在本示例中,我们对 weaknesses 数组字段创建索引,并检查数组中的所有三个值是否存在:GroundWaterFire

Cosmicworks> db.Pokemon.createIndex({'weaknesses':1})

Cosmicworks> db.Pokemon.find({"weaknesses":
                                {$all:["Ground","Water","Fire"]}
                              }
                            ).explain()

{
  explainVersion: 2,
  command: "db.runCommand({explain: { 'find' : 'Pokemon', 'filter' : { 'weaknesses' : { '$all' : ['Ground', 'Water', 'Fire'] } } }})",
  explainCommandPlanningTimeMillis: 10.161,
  explainCommandExecTimeMillis: 21.64,
  dataSize: '906 bytes',
  queryPlanner: {
    namespace: 'Cosmicworks.Pokemon',
    winningPlan: {
      stage: 'FETCH',
      estimatedTotalKeysExamined: 50,
      inputStage: {
        stage: 'IXSCAN',
        indexName: 'weaknesses_1',
        isBitmap: true,
        indexFilterSet: [
          { '$all': { weaknesses: [ 'Ground', 'Water', 'Fire' ] } }
        ],
        estimatedTotalKeysExamined: 2
      }
    }
  },
  ok: 1
}

注意

对于 MongoServerError:索引键太大。

请创建支持请求以启用后台索引编制,然后设置 enableLargeIndexKeys

db.runCommand({ createIndexes: "collectionName", indexes: [{ {"index_spec"}], enableLargeIndexKeys: true });

为嵌套数组编制索引

Azure Cosmos DB for MongoDB vCore 允许为嵌套数组编制索引。 该示例对 complains 数组中的 resolutions 字段创建索引。

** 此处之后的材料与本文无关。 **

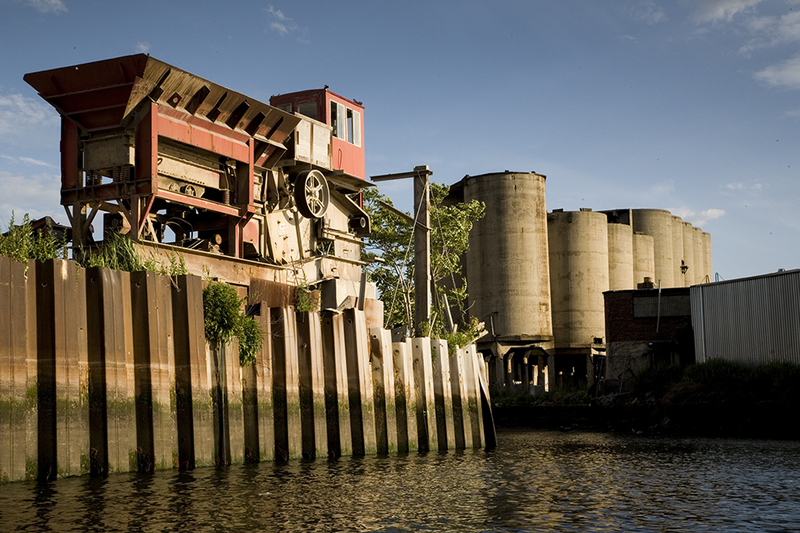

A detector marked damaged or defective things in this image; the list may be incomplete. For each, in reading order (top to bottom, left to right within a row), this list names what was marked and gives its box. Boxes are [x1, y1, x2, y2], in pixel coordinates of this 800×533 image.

rusty machinery [22, 56, 372, 276]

CarData> db.sampleColl.createIndex({"rental_history.complains.resolutions":1})

我们使用 explain 审查计划,以识别所有租赁情况,但不向客户提供解决方案。

CarData> db.sampleColl.find({"rental_history.complains.resolutions":{ $exists: false, $ne: []}}).explain()

{
  explainVersion: 2,
  command: "db.runCommand({explain: { 'find' : 'sampleColl', 'filter' : { 'rental_history.complains.resolutions' : { '$exists' : false, '$ne' : [] } } }})",
  explainCommandPlanningTimeMillis: 0.12,
  explainCommandExecTimeMillis: 48.721000000000004,
  dataSize: '1747 kB',
  queryPlanner: {
    namespace: 'CarData.sampleColl',
    winningPlan: {
      stage: 'FETCH',
      estimatedTotalKeysExamined: 1933,
      inputStage: {
        stage: 'IXSCAN',
        indexName: 'rental_history.complains.resolutions_1',
        isBitmap: true,
        indexFilterSet: [
          {
            '$exists': { 'rental_history.complains.resolutions': false }
          },
          { '$ne': { 'rental_history.complains.resolutions': [] } }
        ],
        estimatedTotalKeysExamined: 2
      }
    }
  },
  ok: 1
}

为数组中的特定字段编制索引

Azure Cosmos DB for MongoDB vCore 允许为数组中的字段编制索引。 该示例对 accidents 数组中的 date 字段创建索引。

CarData> db.sampleColl.createIndex({"rental_history.accidents.date":1})

示例查询评估某个时间范围内的事件,并显示正在使用的、对 date 属性创建的索引。

CarData> db.sampleColl.find({"rental_history.accidents.date":
                                { $gte : ISODate("2024-05-01")
                                , $lt  : ISODate("2024-05-07")
                                }
                            }).explain()

{
  explainVersion: 2,
  command: "db.runCommand({explain: { 'find' : 'sampleColl', 'filter' : { 'rental_history.accidents.date' : { '$gte' : ISODate('2024-05-01T00:00:00Z'), '$lt' : ISODate('2024-05-07T00:00:00Z') } } }})",
  explainCommandPlanningTimeMillis: 19.816,
  explainCommandExecTimeMillis: 48.359,
  dataSize: '12 MB',
  queryPlanner: {
    namespace: 'CarData.sampleColl',
    winningPlan: {
      stage: 'FETCH',
      estimatedTotalKeysExamined: 4350,
      inputStage: {
        stage: 'IXSCAN',
        indexName: 'rental_history.accidents.date_1',
        isBitmap: true,
        indexFilterSet: [
          {
            '$range': {
              'rental_history.accidents.date': {
                min: ISODate("2024-05-01T00:00:00.000Z"),
                max: ISODate("2024-05-07T00:00:00.000Z"),
                minInclusive: true,
                maxInclusive: false
              }
            }
          }
        ],
        estimatedTotalKeysExamined: 2
      }
    }
  },
  ok: 1
}

注意

我们目前正在增强对嵌套数组的支持。 在某些极端情况下,特定的索引编制操作可能会导致错误。

在排除嵌套字段的同时进行通配符索引编制

Azure Cosmos DB for MongoDB vCore 支持通配符索引。 该示例允许我们排除对文档 car_info 中所有嵌套字段的索引编制。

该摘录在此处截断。